Jerry Coyne: Good Without God?

  Prof. Jerry A. Coyne tells us that morality "simply cannot come from the will or commands of a God" (You can be good without God" – USA Today, Aug. 1, 2011).  What Prof. Coyne offers instead is a morality based on evolution and "secular reasoning."  Yet his article reveals the flaws and weaknesses of such secular reasoning: he tells us that it is "human-generated" and is flexible, which is to say that it is essentially a morality of convenience that is not, strictly speaking, binding on anyone.

    Prof. Coyne tells us that "secular morality has a flexibility and responsiveness to social change."  We have seen this "flexibility" at work: it was the pragmatic morality of the great totalitarian states of the twentieth century. The only ones who dared to resist were those whose moral codes were not flexible -- religious believers who felt an accountability to God.
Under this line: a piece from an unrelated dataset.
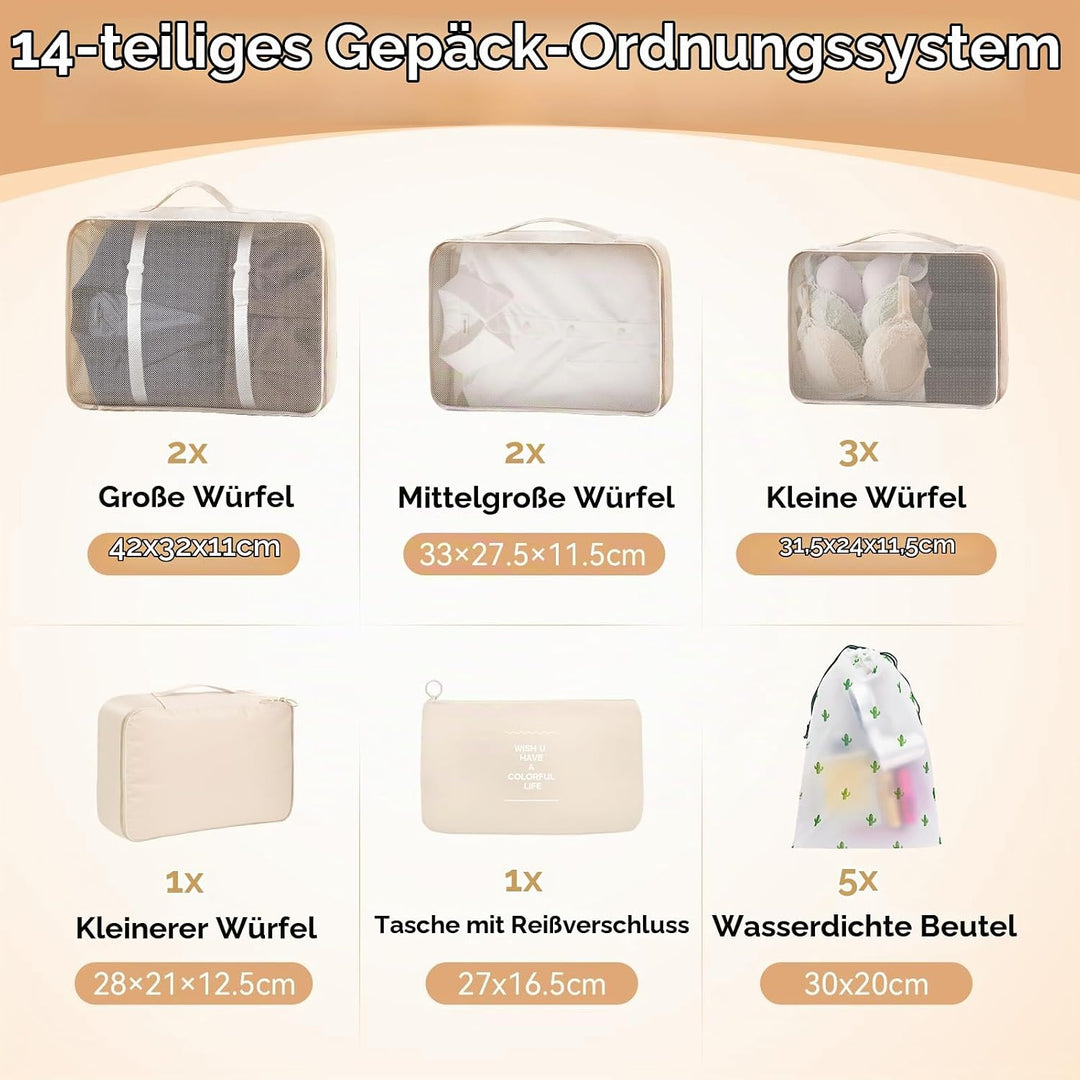 Koffer Organizer Set, 14 Stück Packing Cubes für Reise, Kofferorganizer Packtaschen Set, Wasserdicht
    If God exists then why shouldn't His will be normative?  Prof. Coyne gives the wrong answer to Plato's question.  God is our creator and judge.  Genuine morality is derived from His own character and from His creative design for us.  Our sense of right and wrong stems from the conscience which He Himself has implanted within the human soul.

    An atheist can be good because, as a human being, he was created in the image of God.